# What the exercise asks
Your copy should hold exactly the lines from the one containing "Десетки пострадали след" through the last line of the entries, and no pictures.
── Provided information
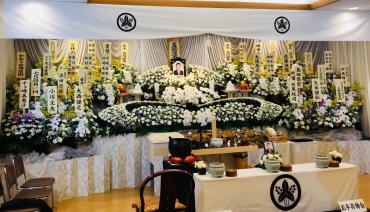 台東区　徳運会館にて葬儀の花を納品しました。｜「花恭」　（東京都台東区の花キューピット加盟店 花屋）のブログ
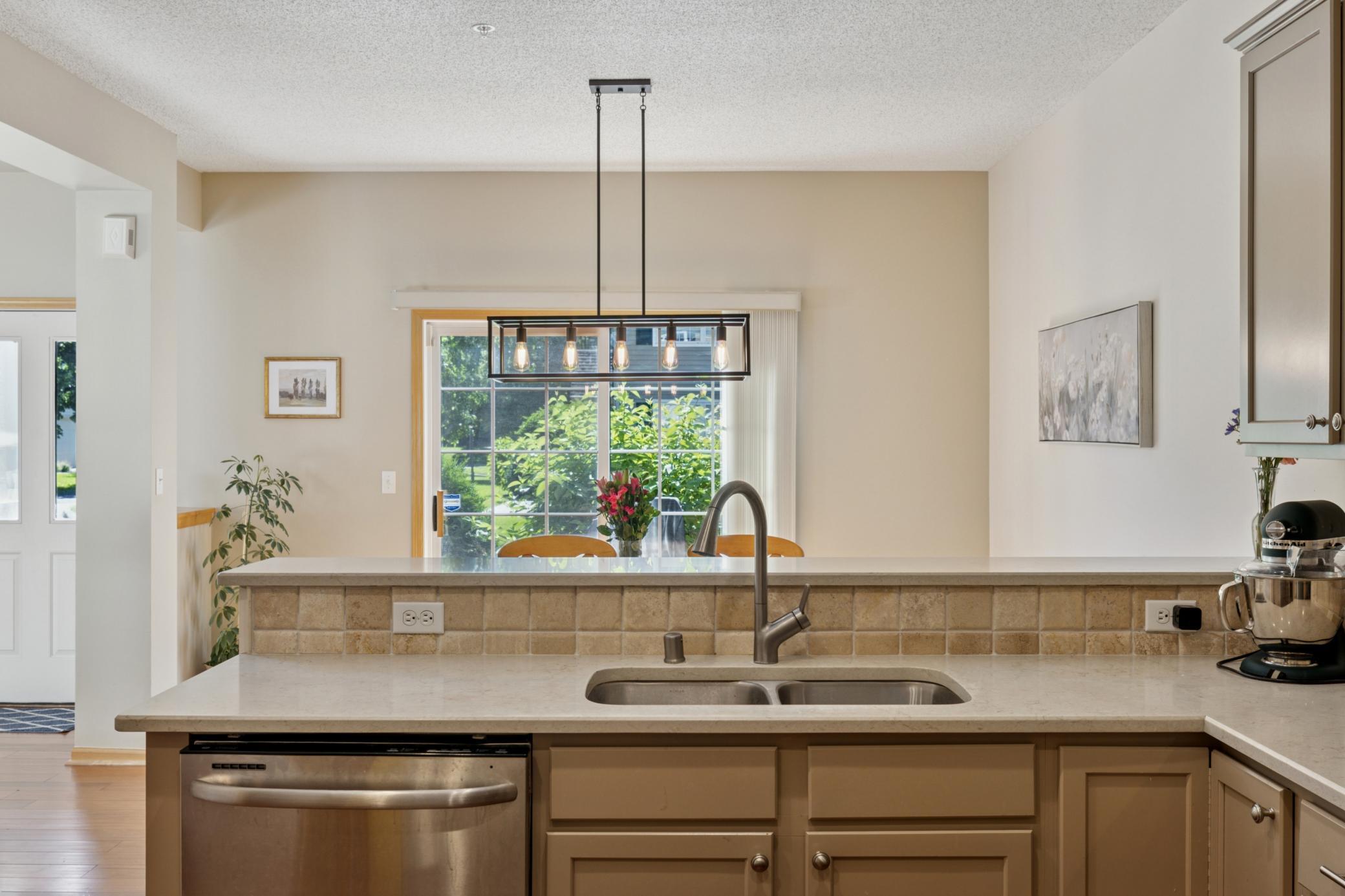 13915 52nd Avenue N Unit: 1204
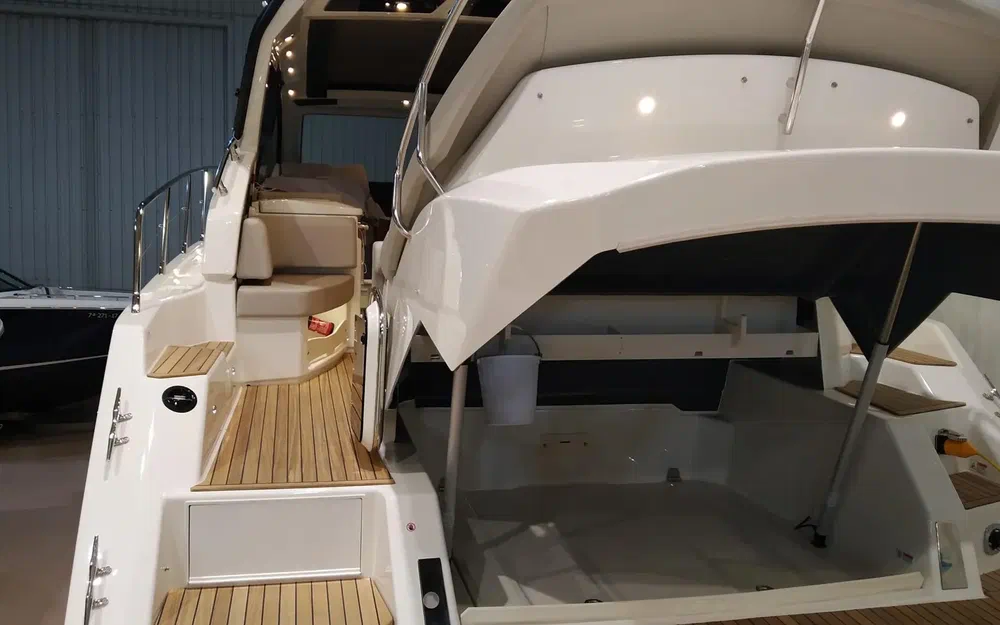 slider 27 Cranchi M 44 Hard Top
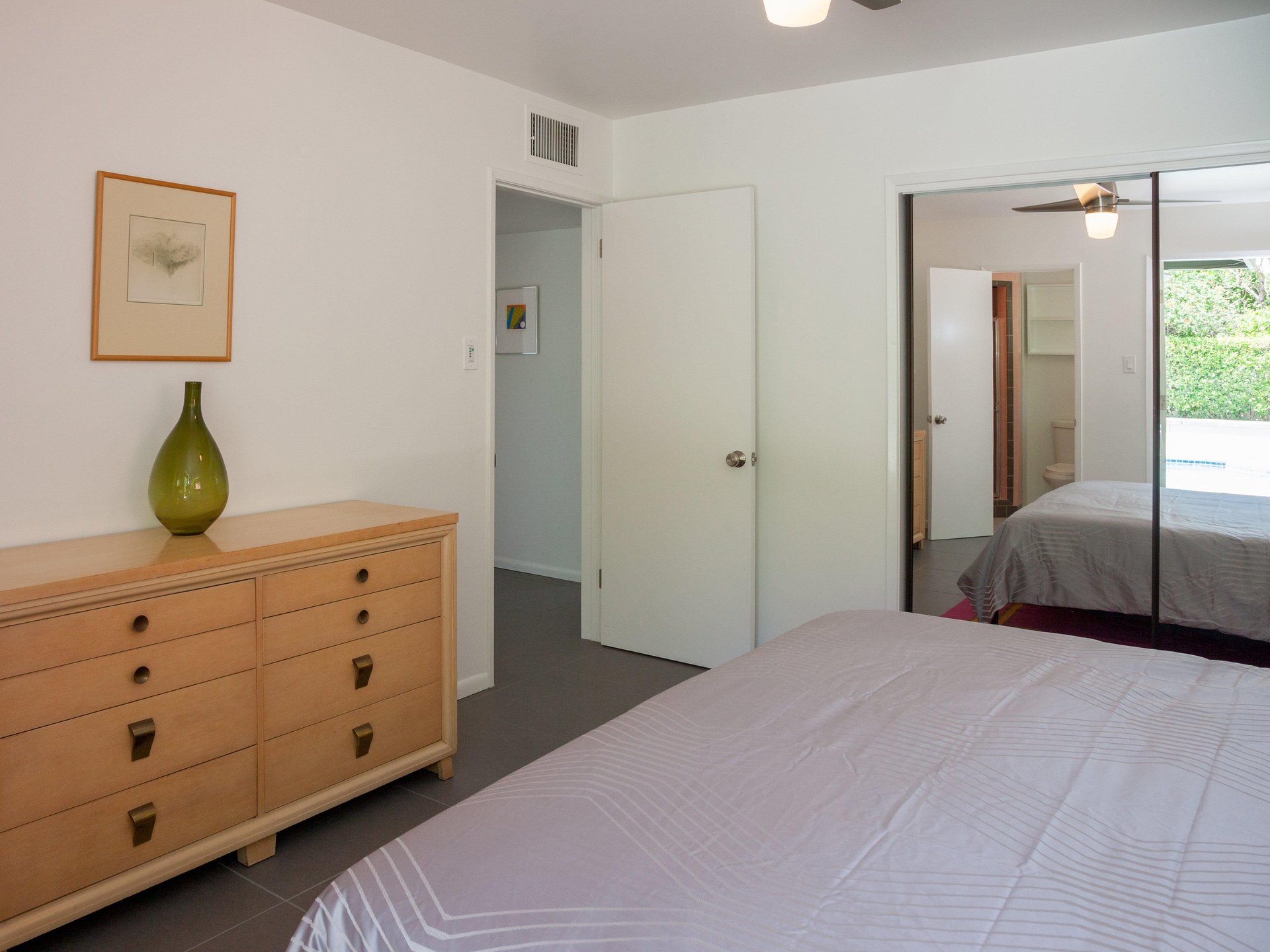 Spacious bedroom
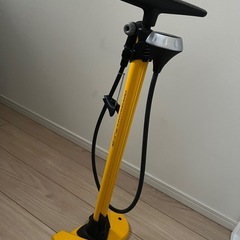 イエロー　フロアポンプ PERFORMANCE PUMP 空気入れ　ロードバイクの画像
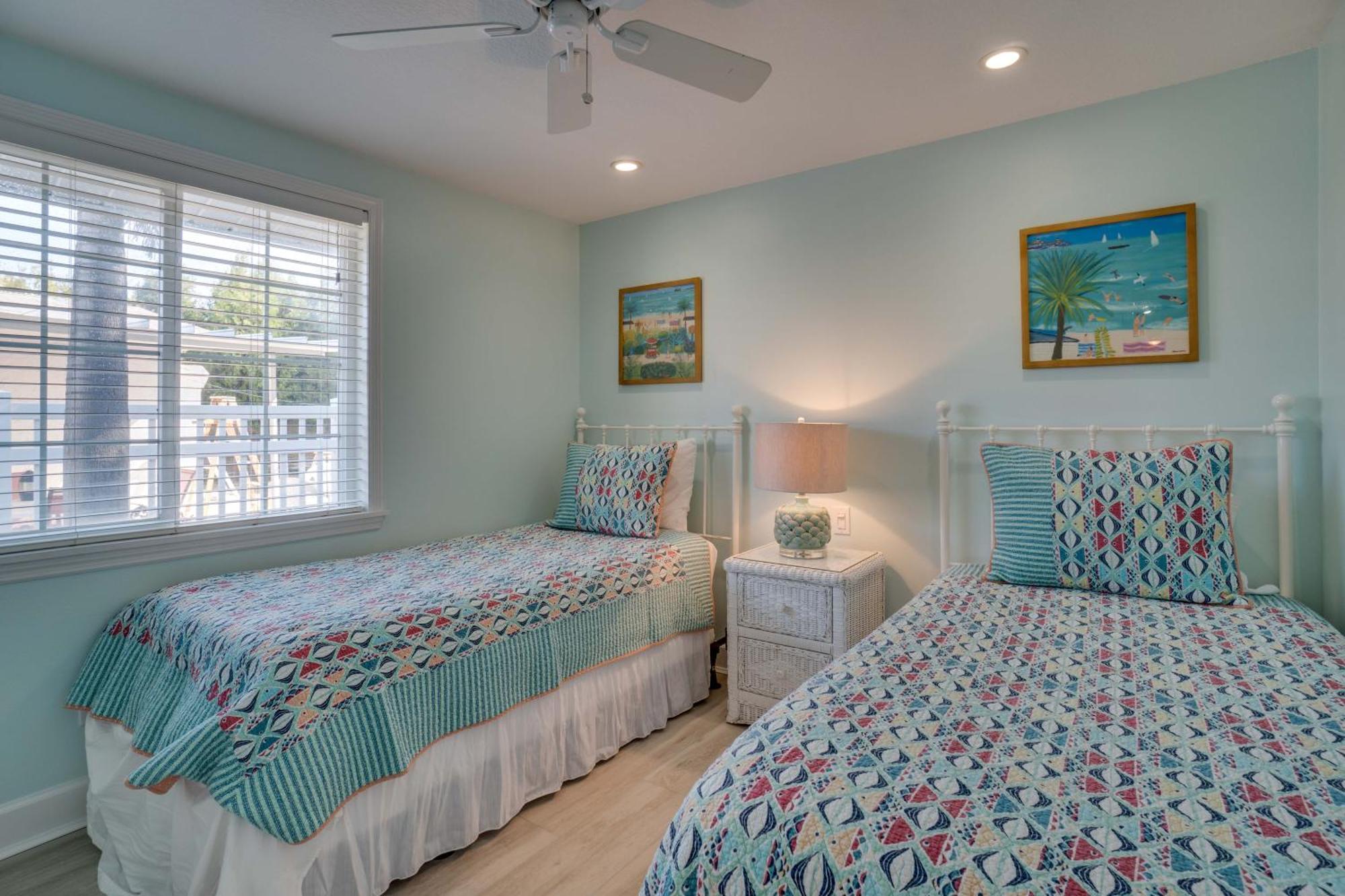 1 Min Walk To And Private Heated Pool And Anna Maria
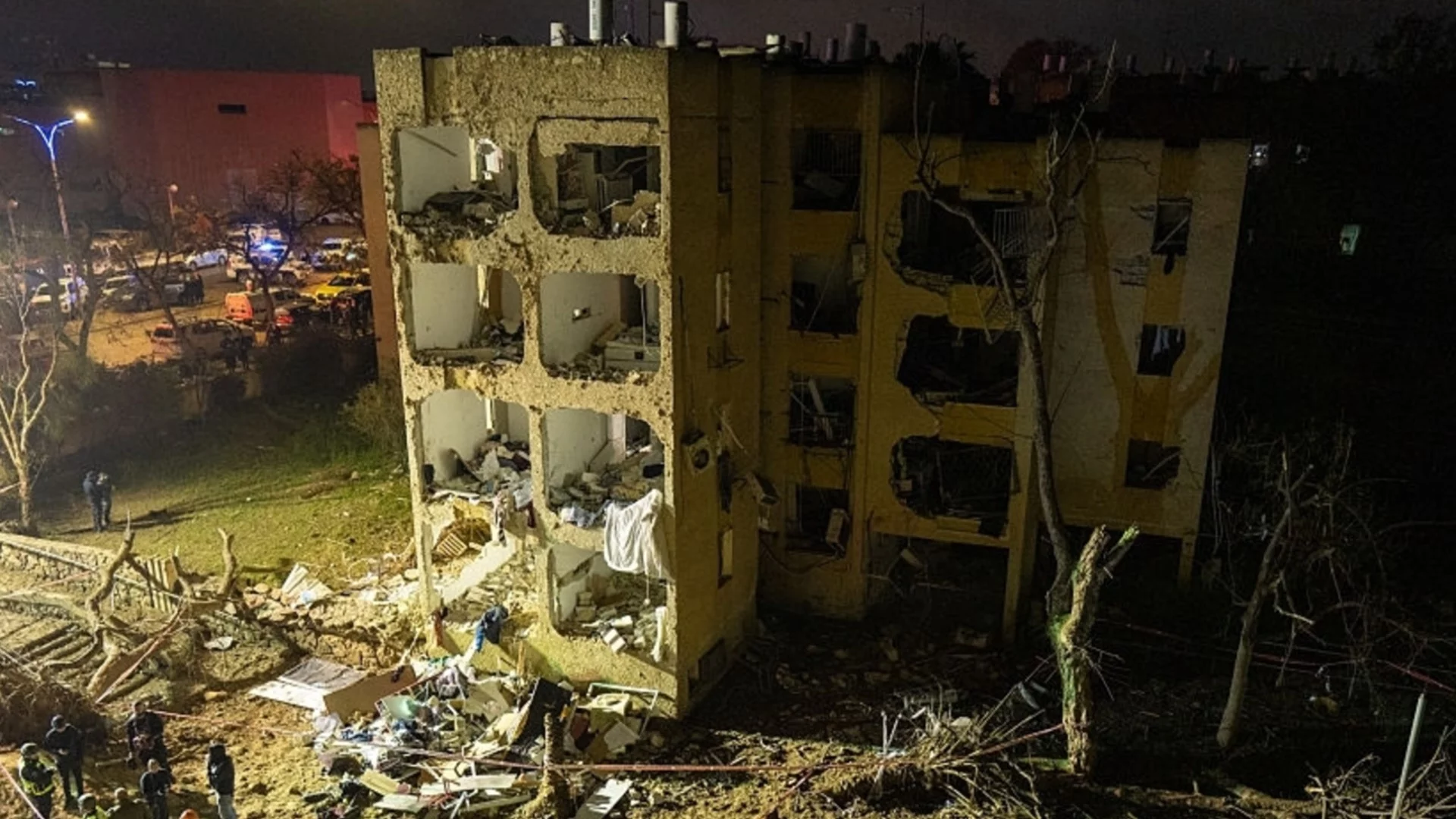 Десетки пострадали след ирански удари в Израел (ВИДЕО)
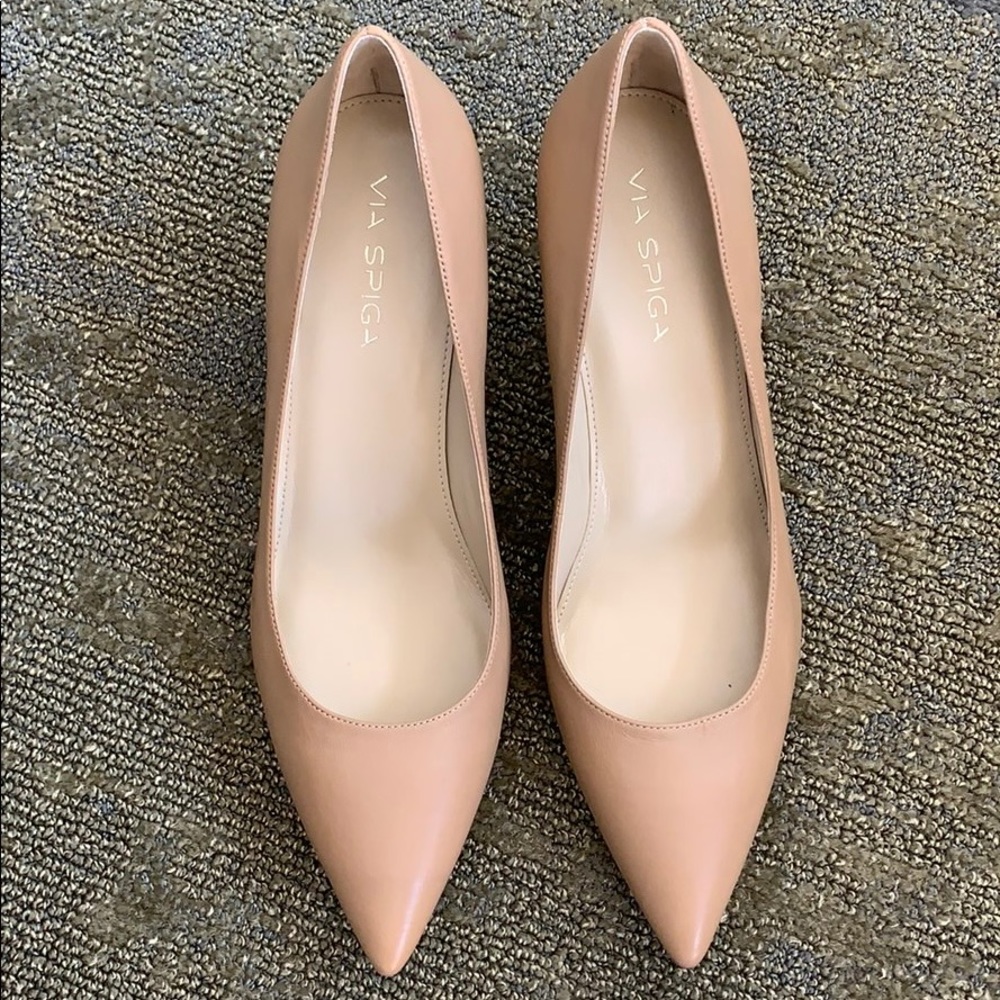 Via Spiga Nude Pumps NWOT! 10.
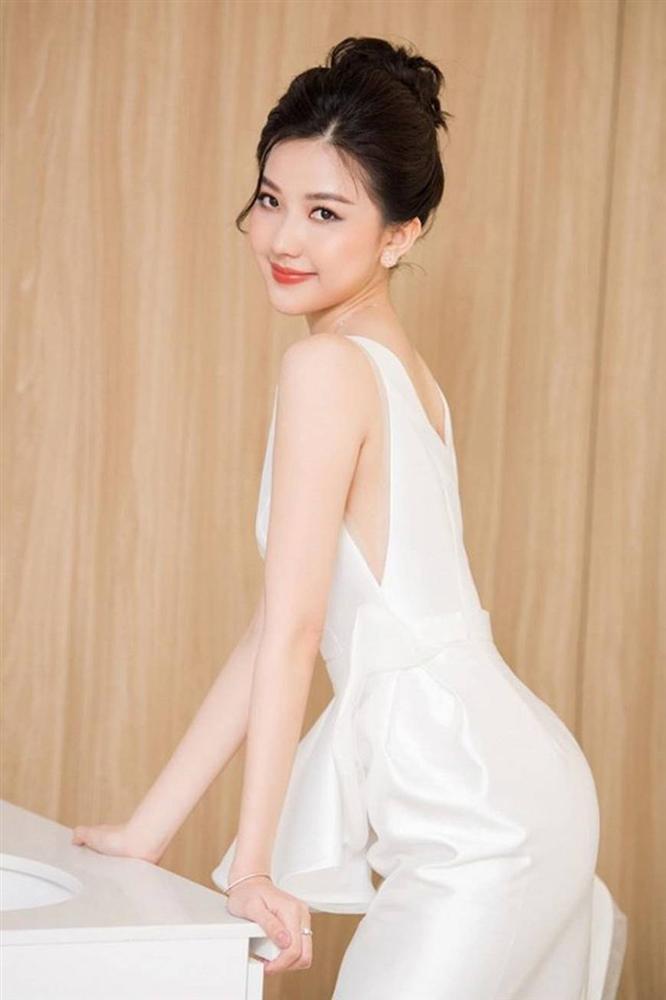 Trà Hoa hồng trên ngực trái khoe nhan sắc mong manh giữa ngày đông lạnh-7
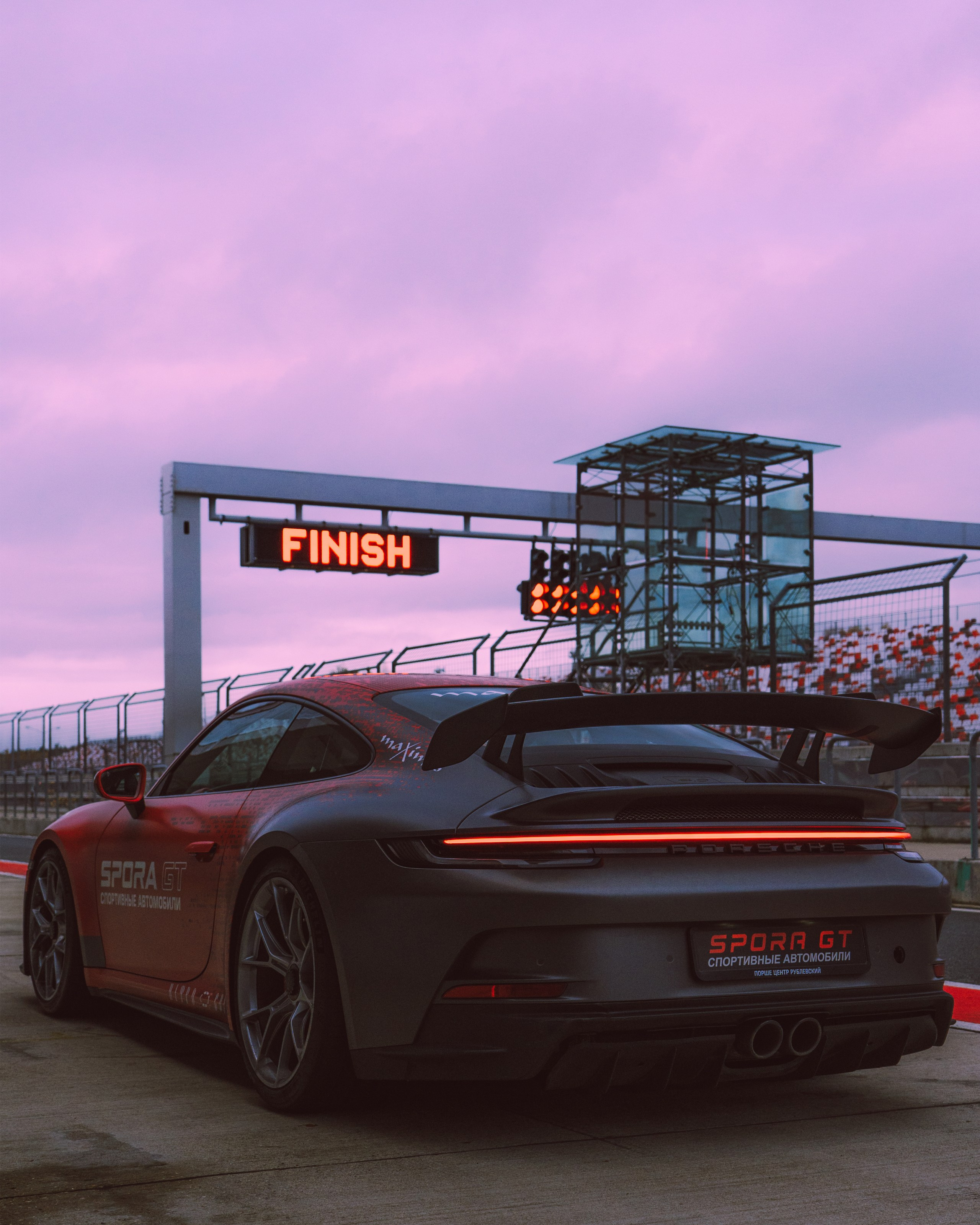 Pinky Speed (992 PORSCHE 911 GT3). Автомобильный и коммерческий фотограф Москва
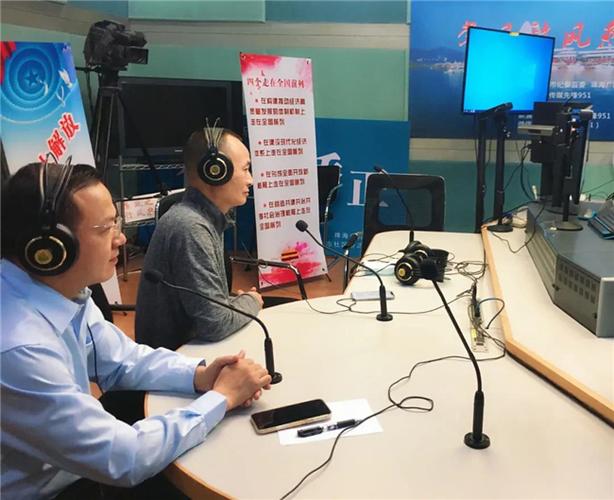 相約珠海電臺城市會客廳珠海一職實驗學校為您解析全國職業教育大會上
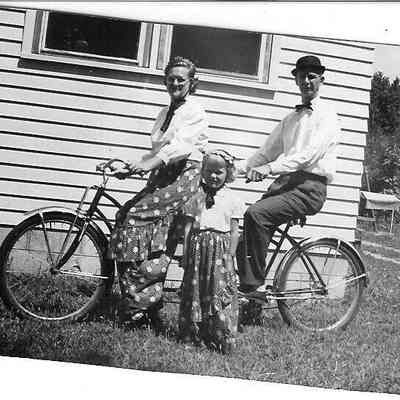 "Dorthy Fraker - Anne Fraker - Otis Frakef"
────
# Answer to this exercise
 Десетки пострадали след ирански удари в Израел (ВИДЕО)
 Via Spiga Nude Pumps NWOT! 10.
 Trà Hoa hồng trên ngực trái khoe nhan sắc mong manh giữa ngày đông lạnh-7
 Pinky Speed (992 PORSCHE 911 GT3). Автомобильный и коммерческий фотограф Москва
 相約珠海電臺城市會客廳珠海一職實驗學校為您解析全國職業教育大會上
 "Dorthy Fraker - Anne Fraker - Otis Frakef"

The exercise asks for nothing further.